In a presidential statement read after an open debate on the issue, Ambassador Heraldo Muñoz of Chile, which holds the rotating presidency for January, acknowledged the right of countries to acquire arms for legitimate reasons of security and self-defence.
But he also called on all States to implement the Programme of Action against small arms and light weapons adopted at a 2001 UN conference and to support efforts to negotiate a legally binding international instrument that would help to track illegal arms sales.
"The Council encourages the arms-exporting countries to exercise the highest degree of responsibility in small arms and light weapons transactions," Ambassador Muñoz said. "It also encourages international and regional cooperation in the consideration of the origin and transfers of small arms and light weapons in order to prevent their diversion to terrorist groups, in particular, Al Qaida."

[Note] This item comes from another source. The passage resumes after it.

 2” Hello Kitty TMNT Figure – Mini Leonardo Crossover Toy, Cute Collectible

Some of the almost 40 delegates who spoke at the meeting noted that the easy availability of arms and weapons had sustained several conflicts, especially in Africa. Speakers also drew attention to the problems experienced by countries that are used as transshipment points. There was widespread agreement on the need for regional cooperation, including through combined law enforcement efforts, to combat the destabilization caused by the proliferation of small arms.

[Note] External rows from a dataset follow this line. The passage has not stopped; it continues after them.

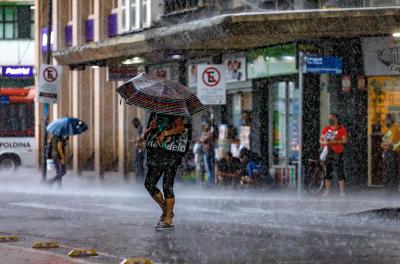 Defesa Civil alerta para chuva volumosa e temporal isolado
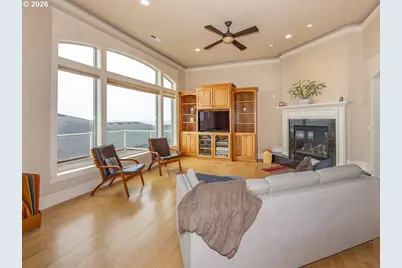 578 W Dogwood St, Washougal, WA 98671 - Photo 10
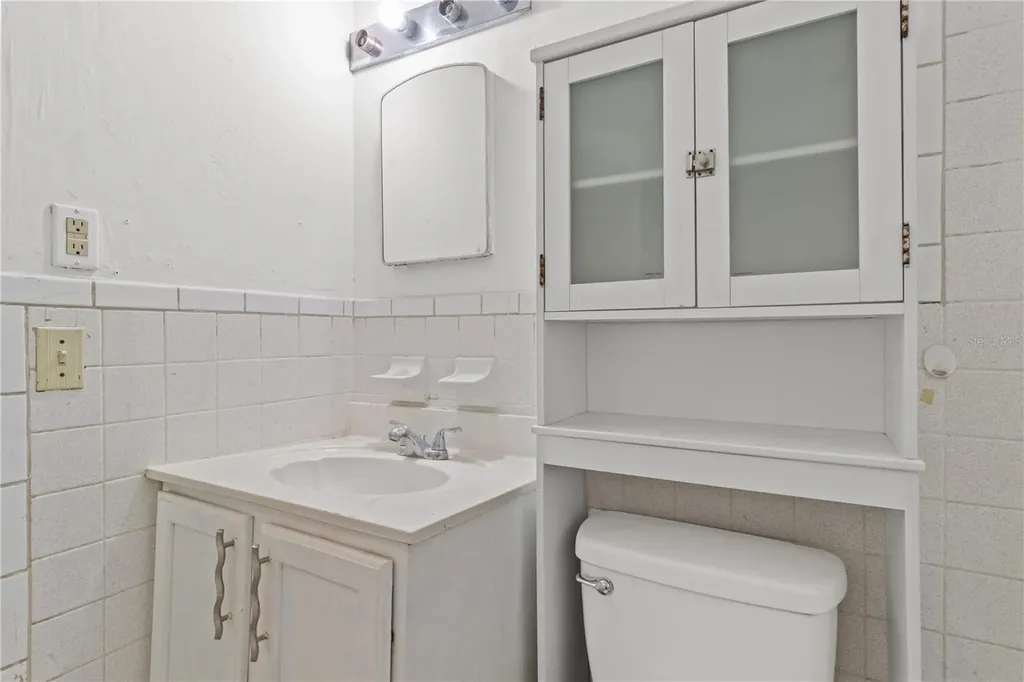 1421 14th Street E Bradenton FL 34208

At the outset of the debate, the Under-Secretary-General for Disarmament Affairs, Nobuyasu Abe, presented the most recent report on the issue by Secretary-General Kofi Annan, who highlights the progress achieved in disarming and demobilizing former combatants in several post-conflict countries, and in tracking the flow of arms and weapons.
But his report also underscores the continuing need to fund disarmament, demobilization and reintegration programmes in post-conflict nations through the UN's peacekeeping.
In addition, the report notes that more political will and technical capacity are necessary to punish States that deliberately breach arms embargoes.